Dr. Kevin Marks is available for phone interviews on Monday, June 15, and Tuesday, June 16.

Professor Hix-Small is available for on-camera and phone interviews on Monday, June 15, and Tuesday, June 16. Please contact Andrea Ash, Peacehealth Media Relations, for interviews with Dr. Marks, and Suelan Toye, Public Affairs, Ryerson University, for interviews with Professor Hix-Small.

PeaceHealth Medical Group (PHMG) is a multi-specialty group practice with more than 130 physicians and 600 staff members at clinic locations in western Oregon. PHMG is part of PeaceHealth Oregon Region, a non-profit, locally governed, spiritually-based health care system based in Eugene, Oregon.
Ryerson University is Canada's leader in innovative career-focused education, offering close to 90 PhD, master's, and undergraduate programs in the Faculty of Arts; the Faculty of Communication & Design; the Faculty of Community Services; the Faculty of Engineering, Architecture and Science; and the Ted Rogers School of Management.  Ryerson University has graduate and undergraduate enrolment of 26,500 students. With more than 68,000 registrations annually, The G. Raymond Chang School of Continuing Education is Canada's leading provider of university-based adult education.


Andrea Ash, PeaceHealth Media Relations, Oregon, U.S.
Office: (541) 686-7110, cell: (541) 501-3296
Contact for media interviews with Dr. Kevin Marks, lead author of study and pediatrician at PeaceHealth Medical Group
Suelan Toye, Public Affairs
Ryerson University, Toronto, Canada
Office: 416-979-5000 x7161
Contact for media interviews with Hollie Hix-Small, co-author of study and professor, School of Child and Youth Care, Ryerson University



Created by the Center on Human Development at the University of Oregon in 1980, ASQ is a set of written questions parents answer about their child's activities. Available in English, Spanish, Korean, and other languages, the questions probe for specific answers about the child's skills in communicating, moving large and small muscles, problem-solving and socialization skills.  One of the goals of ASQ is to identify children who may need further assessment because of a possible developmental delay.   Doctors can then refer the child (and caregiver) to a local early intervention or special education agency.  At-risk children who are not found eligible for services, can also be linked to other early childhood community resources (i.e. Head Start).

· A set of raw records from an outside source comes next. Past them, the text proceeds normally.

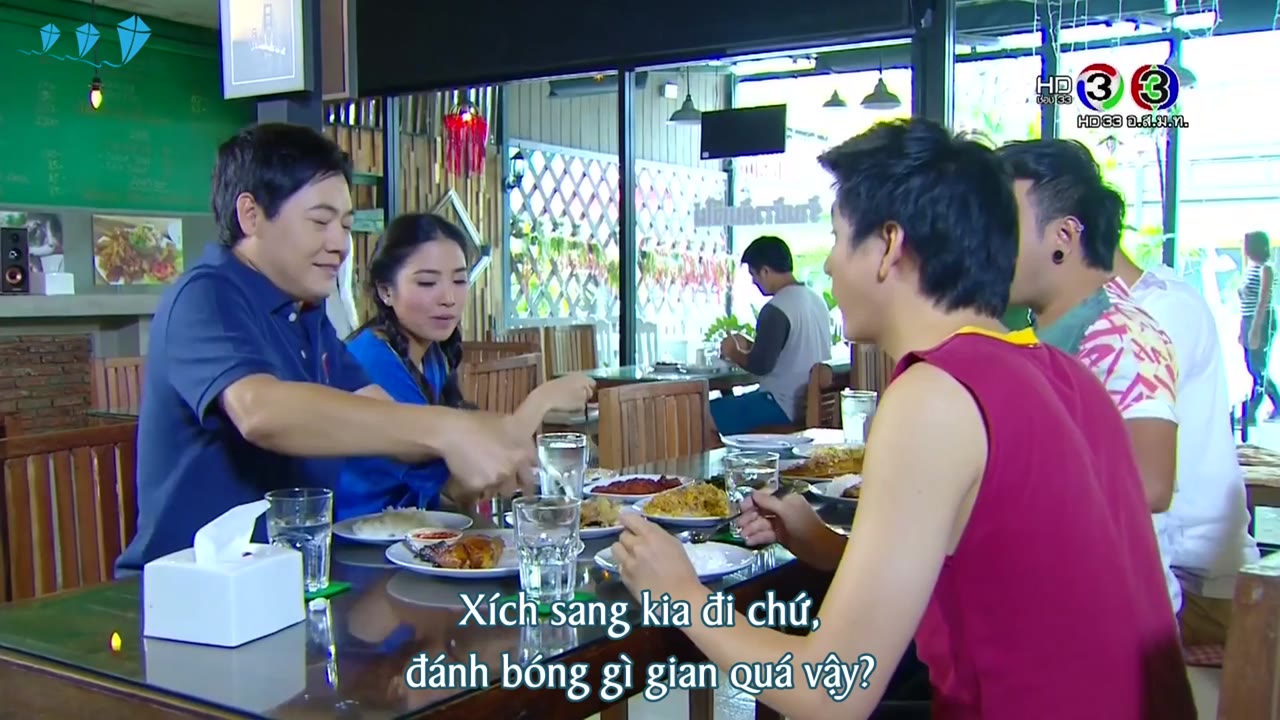 Tình Yêu Duy Nhất (Một Nửa Linh Hồn Vì Em) tập 7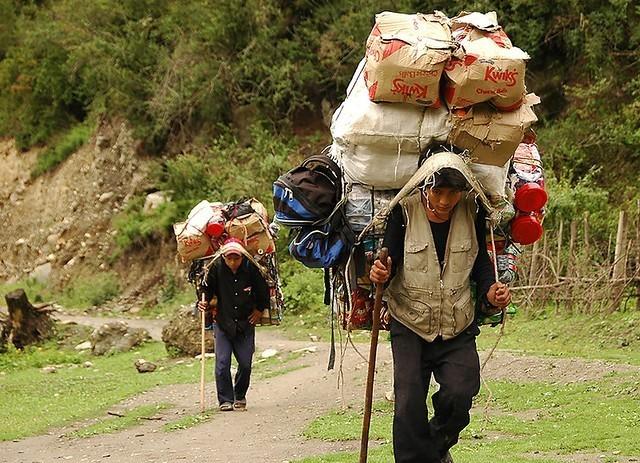 去尼泊爾徒步旅行時,如何省錢?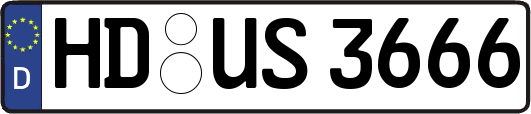 HD-US3666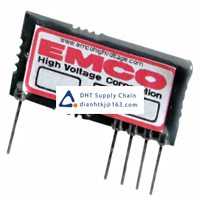 Voltage converter_XP Power_SIP90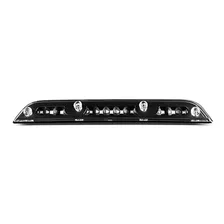 Dna Motoring Motoring 3bl-f15015-led-bk Led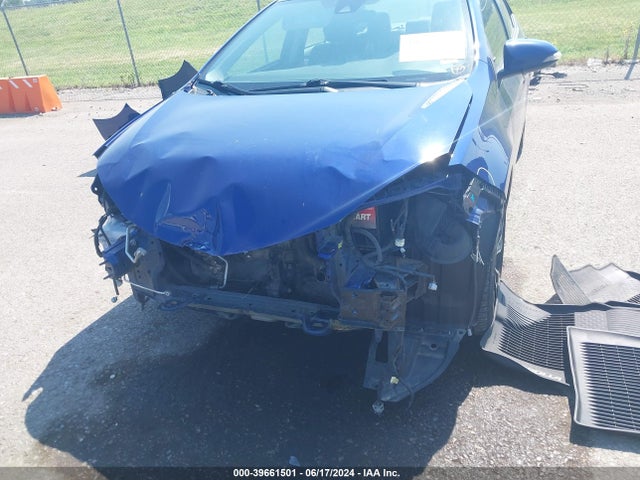 Toyota COROLLA SE 2019 2T1BURHEXKC156721 Image 6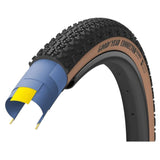 Goodyear Connector Ultimate Tubeless Gravel Tire Black/Tan / 700c x 35mm Parts - Tires - Gravel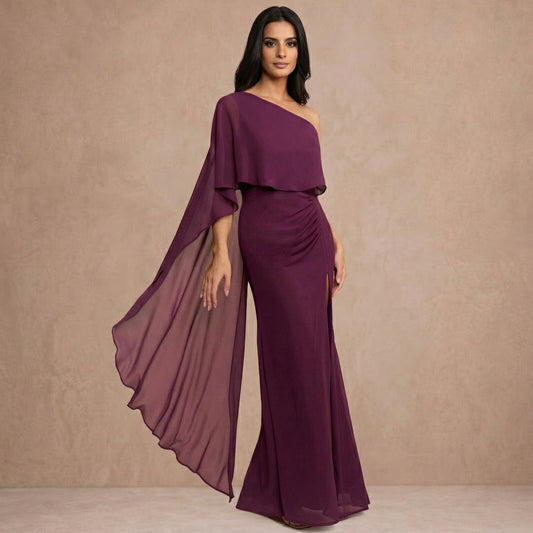 Vestido Merlot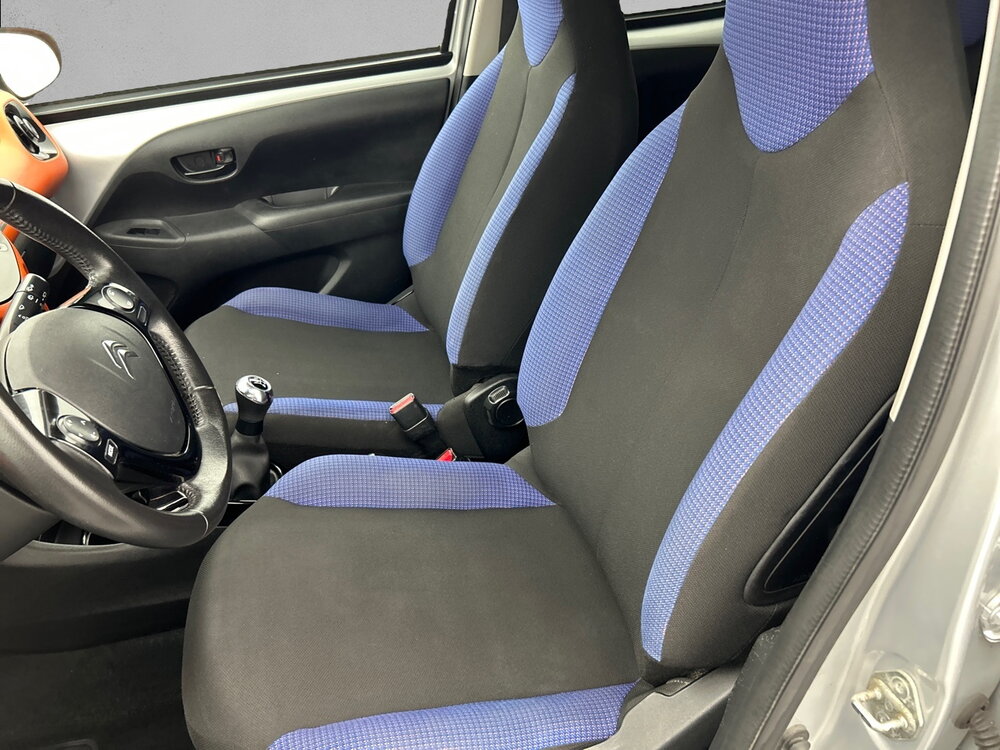 Occasion CITROEN C1 C1 VTi 72 - Urban Ride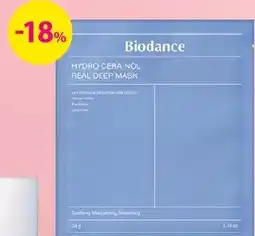 Hebe Biodance hydro cera-nol real deep mask nabídka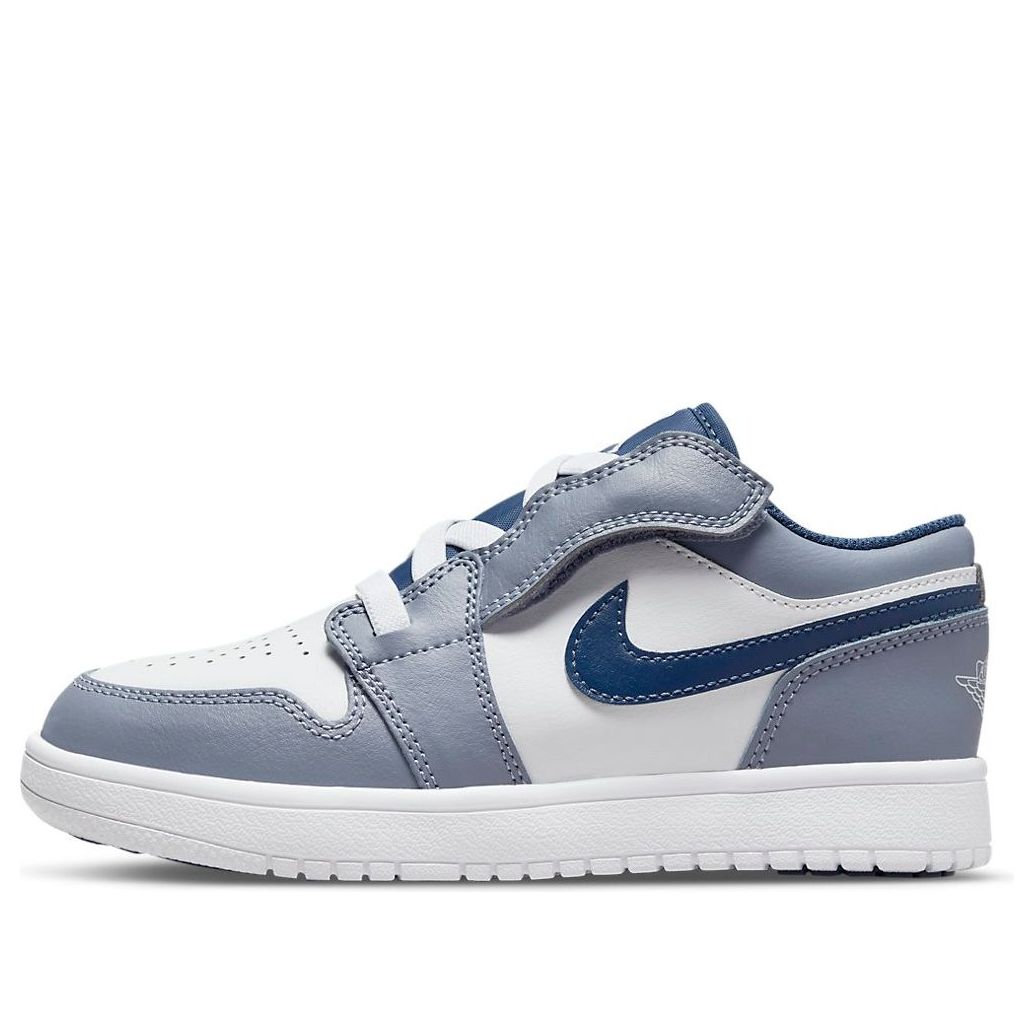 (PS) Air Jordan 1 Low ALT 'Ashen Slate' BQ6066-414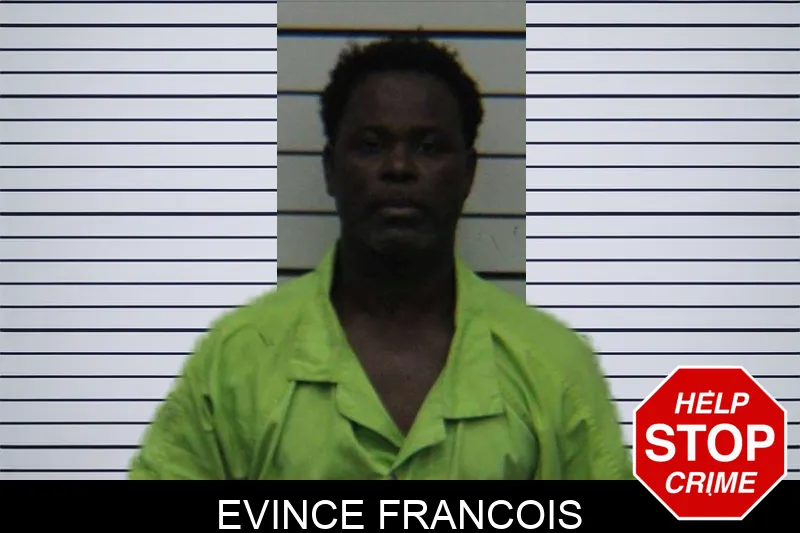 Evince Francois mugshot – Turner County , Georgia Evince Francois mugshot
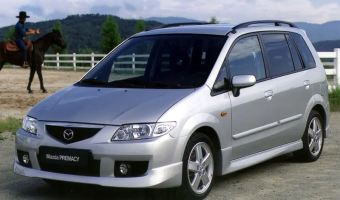 Mazda Premacy Premacy 2.0 DITD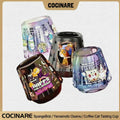 Cucinare SpongeBob SquarePants 25th anniversary crystal glass coffee cups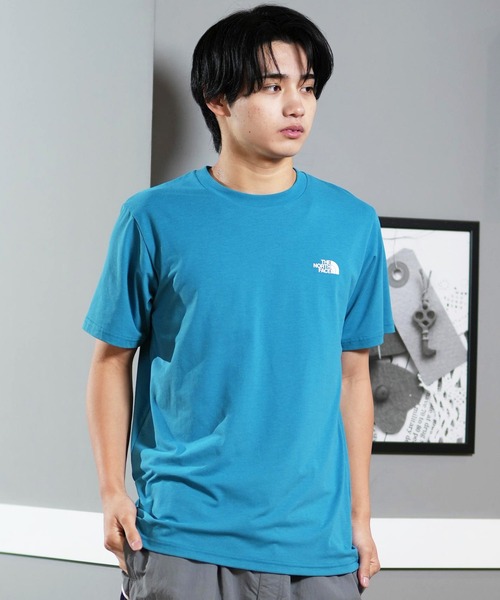 THE NORTH FACE/ザ・ノース・フェイス S/S ES EIGHTKNOT T 半袖Tシャツ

Developmental and behavioral problems are estimated to affect 12 to 16 percent of children in the United States. Since 2001, the ASQ project has been used across the U.S., helping parents of infants and toddlers monitor their child's overall development. The ASQ is a screening instrument now used extensively by PeaceHealth Medical Group (PHMG) pediatricians to determine if a child's development is on schedule.